*Task details*.
Each line of the data below should be restated exactly, with images left out.

[Opening Raw data section]

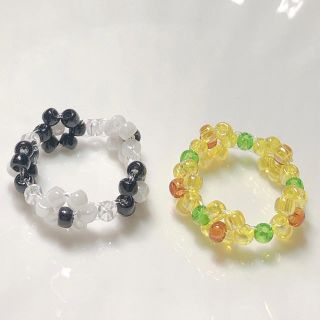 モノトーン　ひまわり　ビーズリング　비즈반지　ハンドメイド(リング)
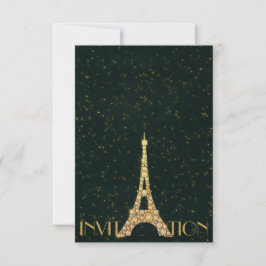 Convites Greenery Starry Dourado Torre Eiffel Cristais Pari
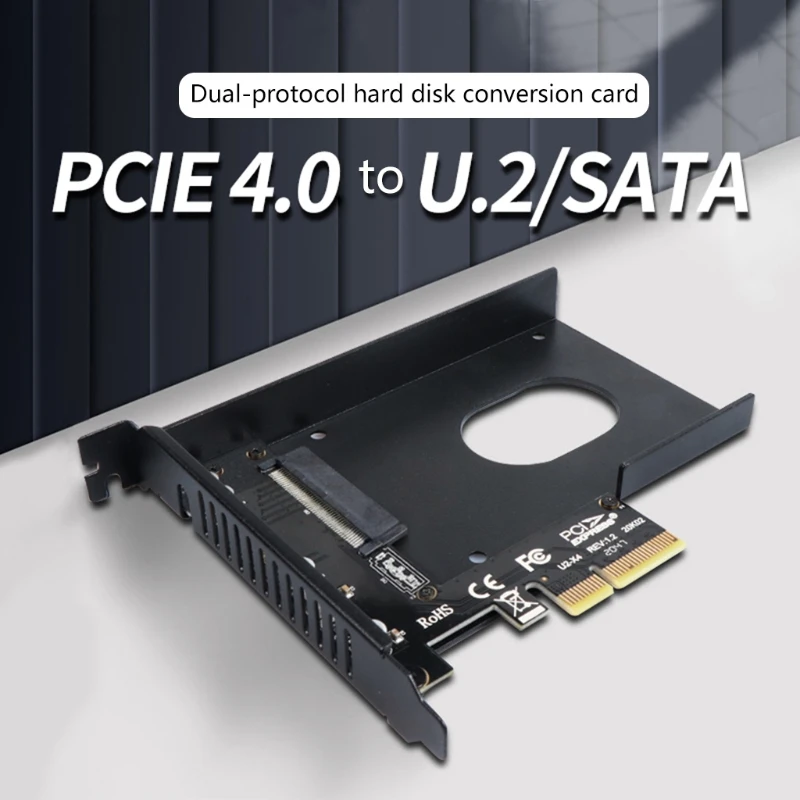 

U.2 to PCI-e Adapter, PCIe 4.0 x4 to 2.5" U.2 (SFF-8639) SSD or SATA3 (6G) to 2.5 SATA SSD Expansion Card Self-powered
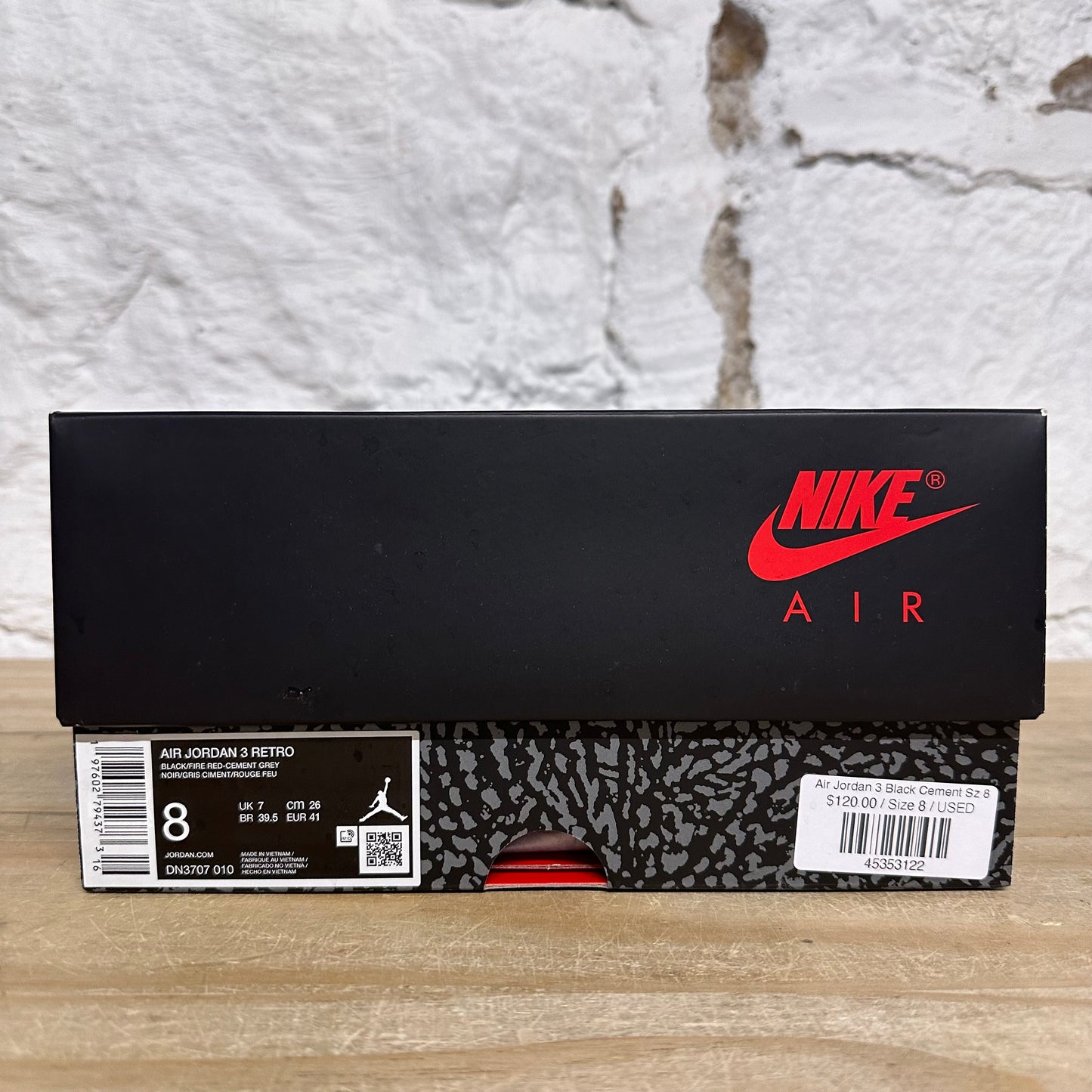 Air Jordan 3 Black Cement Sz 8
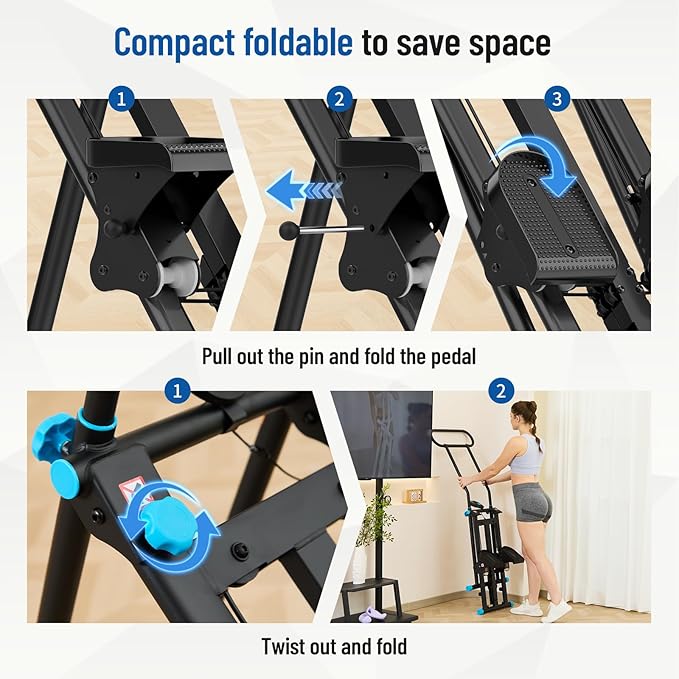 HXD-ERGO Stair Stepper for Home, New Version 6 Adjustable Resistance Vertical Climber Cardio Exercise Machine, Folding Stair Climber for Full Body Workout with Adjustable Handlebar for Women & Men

[Closing Raw data section]

*Result for this exercise*.
 モノトーン　ひまわり　ビーズリング　비즈반지　ハンドメイド(リング)
 Convites Greenery Starry Dourado Torre Eiffel Cristais Pari

U.2 to PCI-e Adapter, PCIe 4.0 x4 to 2.5" U.2 (SFF-8639) SSD or SATA3 (6G) to 2.5 SATA SSD Expansion Card Self-powered
 Air Jordan 3 Black Cement Sz 8
 HXD-ERGO Stair Stepper for Home, New Version 6 Adjustable Resistance Vertical Climber Cardio Exercise Machine, Folding Stair Climber for Full Body Workout with Adjustable Handlebar for Women & Men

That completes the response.